If you are translating from German, in this case it is sufficient to add the two words to the termbase and let DVX2 handle the endings as “fuzzy matches”. Even if we consider phrases with a greater number of inflected variants such as “public building”, (“öffentliche Gebäude”, “öffentliches Gebäude”, “öffentlichen Gebäudes”, “öffentlichem Gebäude”), it is still possible to enter just one version of each word and use fuzzy matching. The advantage here is that although the German source is inflected, the English target phrase is not.
Translating from a largely uninflected language into inflected languages like French and German can be more complicated, so you will have to find a strategy which fits the languages that you work with. There is no single solution which will work for all languages and all subject areas, but DVX2 offers flexibility in the use of the databases.
10. Looking things up in the database:
There are various ways to access the information that is in your databases.
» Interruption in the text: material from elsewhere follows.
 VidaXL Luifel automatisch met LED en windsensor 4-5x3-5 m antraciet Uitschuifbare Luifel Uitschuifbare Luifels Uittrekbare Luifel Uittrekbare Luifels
The first is that DVX2 uses this information to compile its suggested translation (when you use the functions “Pretranslate”, “Assemble” or “AutoAssemble”). When you have done that, you will see that some words or phrases in the suggested translation are underlined in blue. These are terms for which your databases contain several possibilities. Right clicking on the word or phrase will show you the other suggestions, and you can examine these and select them with the mouse or by using the number shown. The third way to see the relevant content of your database is by looking at the “Portions” window or windows. There are several screenshots illustrating this here. The fourth way to look up the information is to use Scan (CTRL-S) to call up a concordance from the TM, or Lookup (CTRL-L) to see entries from the TB.
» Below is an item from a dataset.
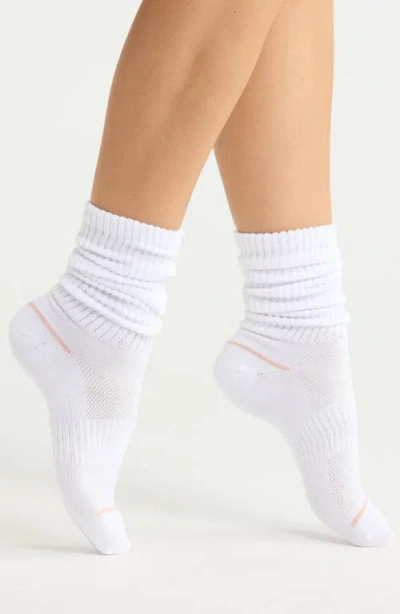 Nordstrom Athleisure Slouch Assorted 3-pack Crew Socks In White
11. Moving databases to another computer:
If you need to move your work to a different computer, e.g. to work on a laptop while you are travelling, you will need to copy certain files to the other computer. The first file is your project file, which has the extension .dvprj. The project file contains the lexicon, so no special steps are needed to transfer the lexicon. The termbase is a single file with the extension .dvtdb. The TM consists of at least four files. The main content is in a file with the extension .dvmdb. Then there is an index file for each of your languages; my index files have the extension en.dvmdi and de.dvmdi (for English and German). There is also a file with the extension .dvmdx. When you open the project on the other computer, DVX2 may complain that it cannot find the databases. But this is not a problem – when the project is open, you can select them with Project>Properties>Databases.
Another file which is worth moving to the other computer is the settings file with the extension .dvset. This contains your subject and client lists and various other settings. And don’t forget your dongle, or if you use an electronic licence key, make sure that the key will apply to the other computer.
12. How to find out more:
For more detailed information it is worth looking at the DVX2 User Guide for DVX2 Professional or DVX2 Workgroup. The link is at the bottom of the page, and the user guides are PDF files with over 600 pages. On the website http://www.atril.com there are also links to various videos, webinars and training courses, and also to the mailing list dejavu-l (under Support>Technical forum).
I already mentioned Steven Marzuola’s article on terminology databases. It is also worth looking at Nelson Laterman’s collection of tips and tricks for DVX1 (and even its predecessor DV3).
I am sure there are plenty of tips and questions which I have not covered, so I am looking forward to reading comments by my readers.